WHAT IS EXPECTED ▸ Starting with the line that has "A.L.C. Halle One Shoulder Tee - Gray" in the records below and ending with the line that has "Hruška Crazy kotníkové ponožky nabídka", output those lines exactly and nothing more; omit the pictures.

THE RECORDS ▸
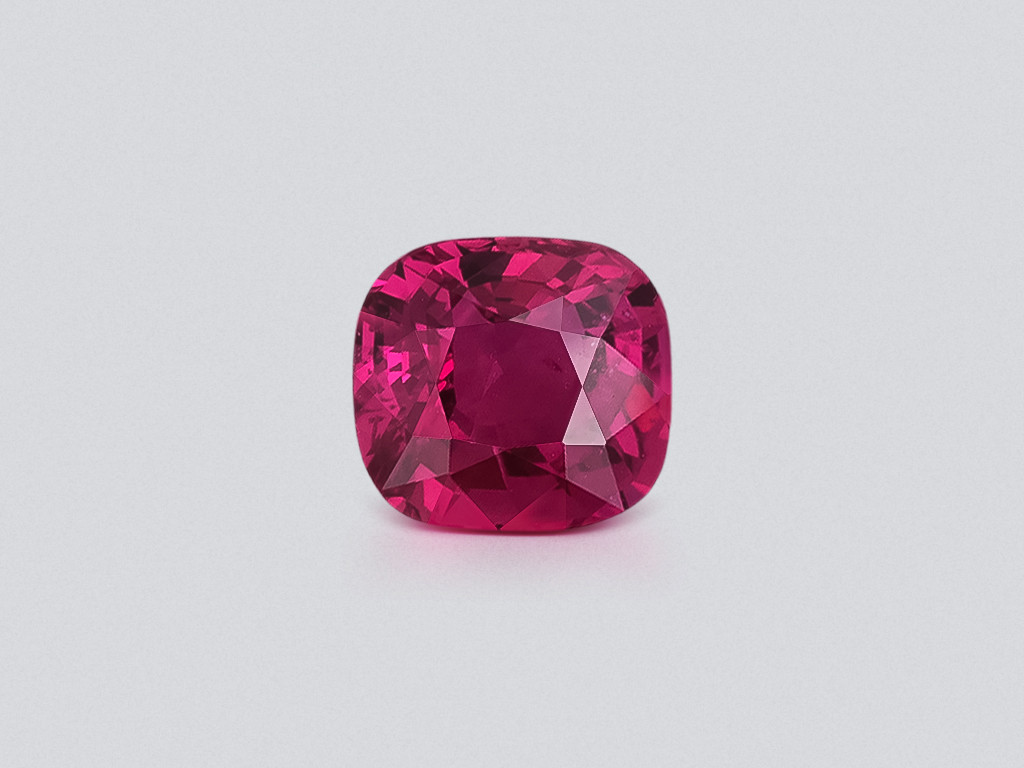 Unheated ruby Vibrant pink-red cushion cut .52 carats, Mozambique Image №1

==

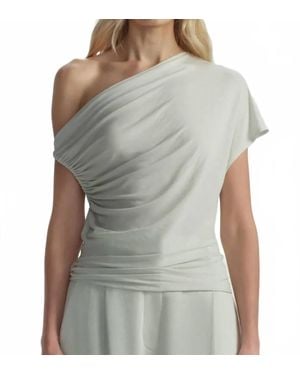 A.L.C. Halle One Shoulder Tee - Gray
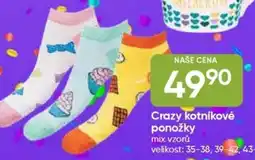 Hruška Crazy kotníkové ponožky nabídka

EXPECTED OUTPUT ▸
 A.L.C. Halle One Shoulder Tee - Gray
 Hruška Crazy kotníkové ponožky nabídka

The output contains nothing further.